The idea is that there is always a suitable solution wherever the customer is. At the train station, for example, a store is unmanned, open 24 hours, but has very little product depth. Whereas the small city store is fully geared towards “Grab & Go”. And larger stores have speciality bars with sushi, special product placements with external partners and a wide range of takeaway food in addition to the classic supermarket range.
But customer preferences change, so concepts and the store design have to be adapted accordingly. As a rule, this is a costly affair. That is why the Schweitzer design studio has dedicated itself to this topic and presented its solution in Dublin: Creative Director Nathan Watts demonstrated how to remain flexible by cleverly arranging fixed elements such as water or power lines and, for example, how to reconfigure an entire shop without much effort and thus react to changing customer behaviour, such as the desire for new food service concepts like sushi.
So what does Dublin have that other cities don't? Put simply: numerous innovative supermarkets. A supermarket safari was created in collaboration with Gavin Rothwell and Benjamin Nothaft, which showed how ideas can be turned into high-turnover retail spaces. Like SuperValu Kilmainham, for example: Just opened in a new housing development, the local supplier is winning over the entire neighbourhood with fresh fruit, vegetables, fish and meat - and with food produced in-house. Hot to go, cold to go, for now, for later, for different times of the day. With an enormous amount of flexibility in production and among the employees.
SPAR Merrion Row is a classic convenience store where a construction worker can quickly grab a good coffee, enjoy a hot meal during the lunch break and run by the salad bar on the way home from the office. Garlic chicken wrap, chicken pesto pasta and chilli sin carne, among many other dishes, are prepared daily in the in-house kitchen. Products for daily needs are not lacking either, but the appeal of the store, which has been set up in the modified Metrochic, comes from the quality of the stay. It’s no wonder that this SPAR has won multiple awards.

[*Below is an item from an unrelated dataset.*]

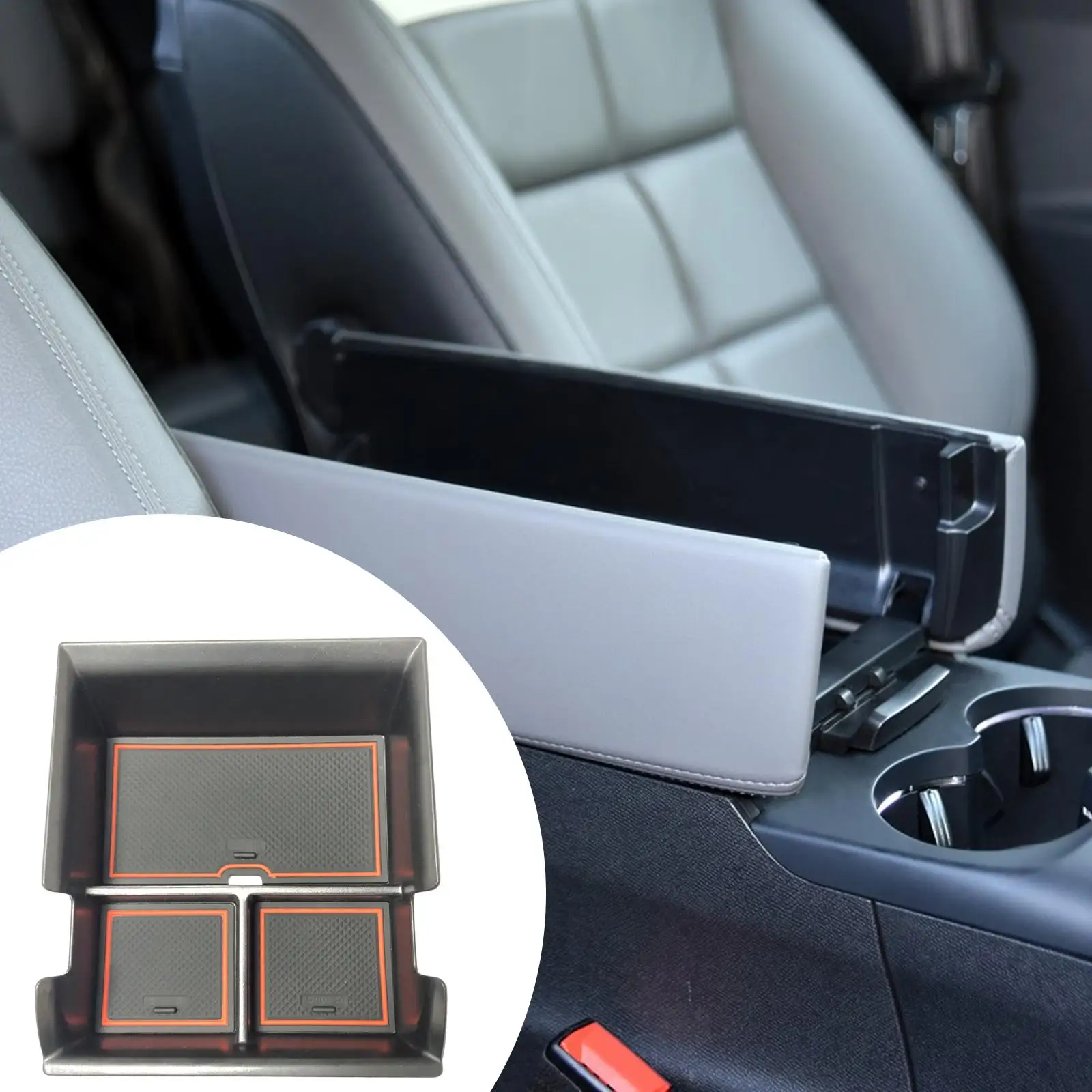 

High Capacity Center Console Organizer Tray Easy Install Armrest Box for Yuan PLUS 2022 2023 2024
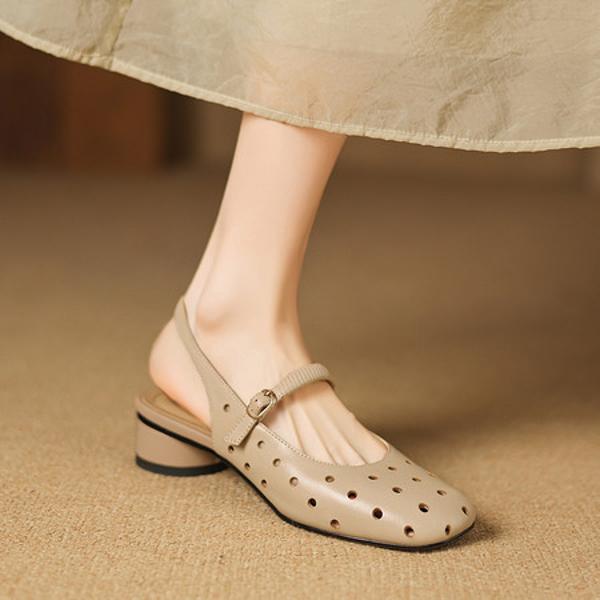 Exquisite Handmade Leather Women’s Shoes: Elegance Meets Luxury Craftsmanship(Easn20182727)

Located in a large, open square amidst numerous other shops, Fresh the Good Food Market impresses with its virtually endless selection of everything a hungry person needs: ready-to-eat and semi-prepared dishes as well as meal kits, huge wine selection, seasonal specials. And there are even fresh flowers to please the eye. Sushi, pastries, chicken in all variations, pre-packed salads, salads to assemble and the recommendation of the week. There is a self-checkout function for smooth payment processes. There are customers who come every day. That’s all it takes.
Centra is the term for convenience stores in Ireland. All stores are run by an independent owner. The Wellington Qay location is a good example of the focus on food-for-now, which means eating on site or at least as soon as possible after purchase. In addition, Centra has made a name for itself by integrating other brands into the stores and thus mutually benefiting from each other's expertise.
Fallon & Byrne could be described as a mecca for foodies: In the food hall, there is everything that the hungry city dweller needs and a lot that they didn't know before. From a quick coffee in between meals, to fresh pastries, a visit to the restaurant, no wish is left unfulfilled. All specialities are also available online. It is no longer a neighbourhood market, more of a legend.
One thing is common to all stores: They make a significant part of their sales with convenience products, which they usually produce themselves. Robert Munday, EVP Marketing & Customer Solution at Rational, formulated the challenges that arise: "When ready-made meals are in greater demand, the demands on production also increase. At the same time, there are few skilled staff in retail, so the kitchen equipment must be able to take on many tasks and provide flexible support throughout the day, across a wide product portfolio. That’s exactly what our iCombi and iVario units are designed for."
The hunger for exciting shopping experiences is there - so supermarkets outside Dublin should also start getting busy.